Der Schutz von Muslim:innen vor Diskriminierung hängt wesentlich davon ab, ob ein Sachverhalt unter die Bundes- oder Landeskompetenz fällt. Während alle neun Bundesländer vor Diskriminierungen auf Grund der Religion beim Zugang zu und der Versorgung mit Gütern und Dienstleistungen schützen, ist dies auf Bundesebene nicht der Fall. Dieser unterschiedliche Diskriminierungsschutz wird von vielen Betroffenen und auch der GAW als vollkommen unsachlich gewertet.

Fazit

Stärkung der Schutzmöglichkeiten bei antimuslimischem Rassismus

Im Bereich des Schutzes vor antimuslimischem Rassismus bestehen Lücken. Eine groß angelegte Studie zu „Diskriminierungserfahrungen in Österreich“ belegte, dass muslimische Befragte zu 78% eine Diskriminierung in den letzten drei Jahren erlebt haben. Die Diskriminierungsmerkmale ethnische Zugehörigkeit und Religion treten häufig gemeinsam auf – die Betroffenen werden häufig auf Grund beider Merkmale gleichzeitig diskriminiert. Im Bereich „Wohnen“ gaben 35% der befragten Personen muslimischen Glaubens an auf Grund ihres Glaubens diskriminiert worden zu sein (SORA im Auftrag der AK; Daniel Schönherr / Bettina Leibetseder / Winfried Moser / Christoph Hofinger, 2019: Diskriminierungserfahrungen in Österreich. (Zugriff: 27.2.2020)). Zu beunruhigenden Ergebnissen bezüglich der Einstellung von Österreicher:innen gegenüber Muslim:innen kommt auch eine Untersuchung des Social Survey Österreich – über ein Drittel der Befragten steht Muslim:innen negativ gegenüber.

Die Miteinbeziehung von Religion in den Schutz bei Dienstleistungen ist dringend geboten. Es ist nicht nachvollziehbar, wieso Personen mit muslimischem Glauben im Bereich der Güter und Dienstleistungen nicht das gleiche Schutzbedürfnis haben sollten wie Personen, die aufgrund ihres Geschlechts oder ihrer ethnischen Zugehörigkeit Benachteiligungen erfahren. Den Mitgliedstaaten der EU steht es offen, den durch die Richtlinien vorgegebenen Diskriminierungsschutz auszuweiten. Österreich erfüllt nur den EU-Mindeststandard. 32 von 36 EQUINET-Mitglieder (EQUINET ist ein als Verein organisierter, europaweiter Zusammenschluss von Gleichbehandlungsstellen.) schützen vor Diskriminierungen auf Grund der Religion außerhalb der Arbeitswelt. Neben Österreich gibt es nur in Estland, Griechenland und Spanien keinen Schutz in diesem Bereich (Equinet Brochure 2020 [Zugriff: 10.06.2021]).

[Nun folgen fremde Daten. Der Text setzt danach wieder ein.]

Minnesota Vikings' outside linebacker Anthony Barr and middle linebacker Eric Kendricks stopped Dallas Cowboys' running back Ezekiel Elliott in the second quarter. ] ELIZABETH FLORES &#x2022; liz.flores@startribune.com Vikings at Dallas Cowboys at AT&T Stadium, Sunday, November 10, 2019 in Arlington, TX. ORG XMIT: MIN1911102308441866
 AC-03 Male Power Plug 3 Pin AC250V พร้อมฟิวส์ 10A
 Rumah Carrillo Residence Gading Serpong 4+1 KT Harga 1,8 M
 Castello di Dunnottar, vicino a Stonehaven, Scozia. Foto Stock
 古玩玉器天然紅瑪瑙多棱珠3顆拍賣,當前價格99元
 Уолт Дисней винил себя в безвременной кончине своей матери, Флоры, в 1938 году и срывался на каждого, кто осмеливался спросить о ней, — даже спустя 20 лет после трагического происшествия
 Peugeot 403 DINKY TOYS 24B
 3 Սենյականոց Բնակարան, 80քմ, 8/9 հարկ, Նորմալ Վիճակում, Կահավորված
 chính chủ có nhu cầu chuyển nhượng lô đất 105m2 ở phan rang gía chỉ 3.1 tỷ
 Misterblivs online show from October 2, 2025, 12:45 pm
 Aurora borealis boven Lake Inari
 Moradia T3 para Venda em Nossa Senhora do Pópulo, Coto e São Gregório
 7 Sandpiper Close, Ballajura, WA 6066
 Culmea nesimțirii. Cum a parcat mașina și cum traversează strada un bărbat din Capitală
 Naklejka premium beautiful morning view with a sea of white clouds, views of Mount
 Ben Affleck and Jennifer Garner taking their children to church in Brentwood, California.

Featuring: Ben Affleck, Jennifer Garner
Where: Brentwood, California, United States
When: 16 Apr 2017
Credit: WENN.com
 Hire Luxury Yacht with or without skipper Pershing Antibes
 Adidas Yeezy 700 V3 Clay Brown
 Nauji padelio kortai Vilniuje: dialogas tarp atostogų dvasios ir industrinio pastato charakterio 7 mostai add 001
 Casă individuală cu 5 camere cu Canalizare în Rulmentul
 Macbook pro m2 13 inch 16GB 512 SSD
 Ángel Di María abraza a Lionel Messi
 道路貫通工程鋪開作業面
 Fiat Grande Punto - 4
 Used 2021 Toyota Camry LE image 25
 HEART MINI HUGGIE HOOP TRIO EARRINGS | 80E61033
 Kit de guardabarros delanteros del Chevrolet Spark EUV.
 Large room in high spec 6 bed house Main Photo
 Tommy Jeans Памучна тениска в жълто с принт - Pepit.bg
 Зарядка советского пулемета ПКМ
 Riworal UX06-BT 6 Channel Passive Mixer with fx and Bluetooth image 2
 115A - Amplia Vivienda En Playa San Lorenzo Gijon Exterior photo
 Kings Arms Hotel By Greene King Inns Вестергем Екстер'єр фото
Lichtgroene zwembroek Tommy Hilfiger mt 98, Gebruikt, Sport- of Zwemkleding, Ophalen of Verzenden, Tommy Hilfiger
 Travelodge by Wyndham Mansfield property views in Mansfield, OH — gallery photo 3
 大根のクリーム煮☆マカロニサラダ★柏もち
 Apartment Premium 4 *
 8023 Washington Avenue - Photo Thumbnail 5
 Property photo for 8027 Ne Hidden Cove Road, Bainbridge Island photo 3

Auch die Antidiskriminierungsgesetze in allen neun Bundesländern schützen vor Diskriminierungen auf Grund der Religion außerhalb der Arbeitswelt. Das unterschiedliche Schutzniveau führt zu der für Betroffene nicht nachvollziehbaren Situation, dass nur bei minimal unterschiedlichen Diskriminierungstatbeständen Schutz besteht oder nicht. Zusätzlich stehen die Beratungseinrichtungen in jedem Einzelfall vor der schwierigen Frage, welchem Kompetenztatbestand der Sachverhalt zuzuordnen ist. Es sind dann nicht nur andere Gesetze mit unterschiedlichen Schutzbereichen anzuwenden, sondern auch andere Beratungseinrichtungen zuständig - eine für Betroffene und Beratungseinrichtungen sehr unbefriedigende Situation.